NFWare has only ten employees and was just a twinkle in the eye of founder Alexander Britkin around two years ago. But last year, the NFV startup found itself going head to head with equipment behemoths including Cisco, Huawei and Juniper for a slice of a networks deal with Rostelecom, Russia's biggest long-distance telecom operator. "To my knowledge, we were the only virtualized vendor that was allowed to play in the field," Britkin tells Light Reading.
With headquarters in Germany and an R&D presence in Russia, NFWare belongs to a new breed of software vendors that are looking to capitalize on growing interest in virtualization among telecom operators. By turning network functions into software programs, and running them on cheap servers instead of specialized hardware gear, operators hope to slash their costs and develop a service agility they have previously lacked, making the transition to New IP networks.
While players like Affirmed Networks Inc. and Versa Networks are chasing virtualization opportunities in the EPC and SD-WAN markets, NFWare is specifically targeting high-performance IP routing -- a business that is currently dominated by the likes of Cisco Systems Inc. (Nasdaq: CSCO) and Juniper Networks Inc. (NYSE: JNPR). It claims to have developed software that can process traffic at speeds of around 200 Gbit/s. "That is exceptional today in the market," says Britkin. (See NFV Made IoT Profitable for STC, Says Affirmed and Startup Versa Announces 'Carrier-Grade' Multi-Tenant NFV Platform.)
Others clearly see promise in the startup's offerings. NFWare has already raised a "six-digit" amount in funding from investors including Telefónica , Spain's incumbent operator. The company's non-financial support is already opening a lot of doors for NFWare, says Britkin. Moreover, its advisory board includes Dor Skuler, who founded CloudBand, Alcatel-Lucent's NFV orchestration business, before leaving Alcatel-Lucent (NYSE: ALU) (now a part of Nokia Corp. (NYSE: NOK)) at the end of 2014. (See AlcaLu Losing Key NFV Exec.)
NFWare is about to announce a second funding round, Britkin tells Light Reading, while it continues to work on its product portfolio. Currently, this includes carrier-grade NAT and load balancing functions, but the company plans to develop the load balancing product into a "fully fledged" application delivery controller. The ultimate goal, says Britkin, is "to commoditize all IP routing -- so all core routers and edge routers."
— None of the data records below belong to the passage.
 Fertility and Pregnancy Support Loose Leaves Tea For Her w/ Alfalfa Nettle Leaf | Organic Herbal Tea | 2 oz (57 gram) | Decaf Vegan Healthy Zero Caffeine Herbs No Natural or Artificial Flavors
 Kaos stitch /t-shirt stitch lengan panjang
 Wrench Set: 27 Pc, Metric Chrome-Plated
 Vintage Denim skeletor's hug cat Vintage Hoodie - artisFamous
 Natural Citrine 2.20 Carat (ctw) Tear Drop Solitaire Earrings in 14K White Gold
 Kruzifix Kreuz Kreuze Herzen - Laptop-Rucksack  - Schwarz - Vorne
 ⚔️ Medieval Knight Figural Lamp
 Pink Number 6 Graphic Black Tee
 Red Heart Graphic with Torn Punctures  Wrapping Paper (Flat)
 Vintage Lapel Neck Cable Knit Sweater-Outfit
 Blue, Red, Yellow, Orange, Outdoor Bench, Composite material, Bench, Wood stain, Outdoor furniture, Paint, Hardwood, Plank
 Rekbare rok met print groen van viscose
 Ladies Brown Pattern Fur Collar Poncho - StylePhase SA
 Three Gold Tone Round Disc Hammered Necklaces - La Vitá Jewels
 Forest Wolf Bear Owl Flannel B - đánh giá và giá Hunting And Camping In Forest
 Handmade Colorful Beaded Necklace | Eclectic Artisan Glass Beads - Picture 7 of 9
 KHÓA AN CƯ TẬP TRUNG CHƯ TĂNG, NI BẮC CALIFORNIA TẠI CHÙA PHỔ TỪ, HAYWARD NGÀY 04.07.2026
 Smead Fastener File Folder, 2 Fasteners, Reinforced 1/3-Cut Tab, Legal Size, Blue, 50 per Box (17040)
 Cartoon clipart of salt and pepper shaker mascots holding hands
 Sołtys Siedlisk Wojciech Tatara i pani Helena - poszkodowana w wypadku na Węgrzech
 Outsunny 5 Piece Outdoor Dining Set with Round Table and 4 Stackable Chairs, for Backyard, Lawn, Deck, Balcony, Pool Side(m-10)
Additional funding should also help NFWare stay afloat while it builds a revenue-generating business. The startup began commercial deployments with small operators in Spain and Italy last year and is also carrying out projects with a number of Tier 1 players, including Telefónica and Rostelecom . Both have been conducting lab trials of NFWare technology and Britkin is hopeful of starting a field deployment with the Russian service provider in the next two months.
But are the world's biggest operators ready to entrust new players with a major commercial rollout of NFV technology? "These startups are not just good at doing trials and PoCs [proof of concepts] -- when they have good products there is no issue to have that deployed in operational networks," says Yves Bellego, the director of technical strategy for French telecom incumbent Orange (NYSE: FTE), when asked that question. Britkin reports similarly positive feedback from his own discussions with prospective clients.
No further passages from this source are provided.